### Activity:
All of the lines below need to be copied exactly, apart from the pictures.

### Raw data:
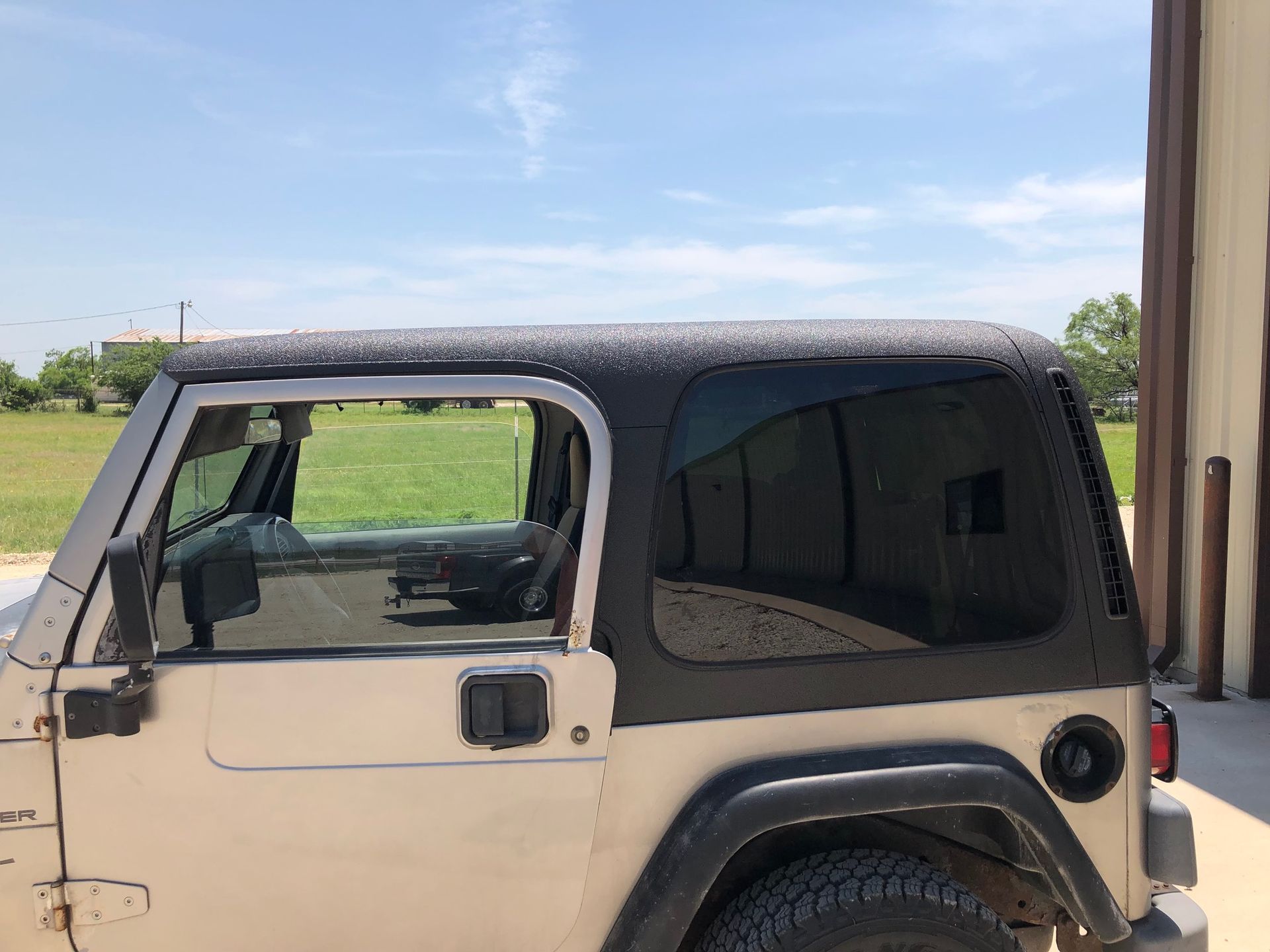 A white jeep with a black top is parked in front of a building.
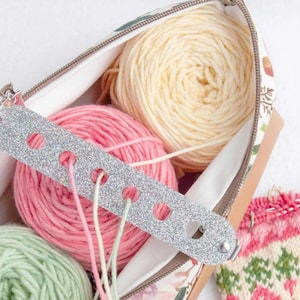 Puede incluir: Un estuche de tela con cremallera lleno de ovillos de lana en colores pastel, incluyendo rosa, amarillo y verde. Una guía de hilo plateada con purpurina y agujeros está colocada sobre la lana. Se ven agujas de tejer y un proyecto de tejido parcialmente terminado.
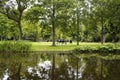 View of a couple sitting on a bench, people hanging out, trees, grass field and pond at Vondelpark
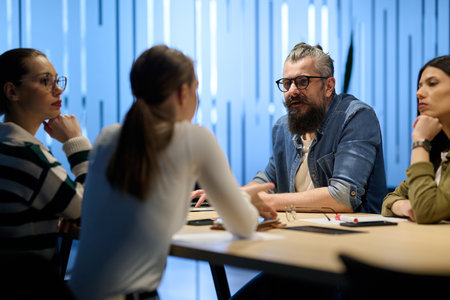 Group of diverse coworkers having a serious discussion around a conference table, led by a bearded male manager, representing teamwork, leadership, and strategy development in a modern business environment.の写真素材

### Exercise solution:
 A white jeep with a black top is parked in front of a building.
 Puede incluir: Un estuche de tela con cremallera lleno de ovillos de lana en colores pastel, incluyendo rosa, amarillo y verde. Una guía de hilo plateada con purpurina y agujeros está colocada sobre la lana. Se ven agujas de tejer y un proyecto de tejido parcialmente terminado.
 View of a couple sitting on a bench, people hanging out, trees, grass field and pond at Vondelpark
 Group of diverse coworkers having a serious discussion around a conference table, led by a bearded male manager, representing teamwork, leadership, and strategy development in a modern business environment.の写真素材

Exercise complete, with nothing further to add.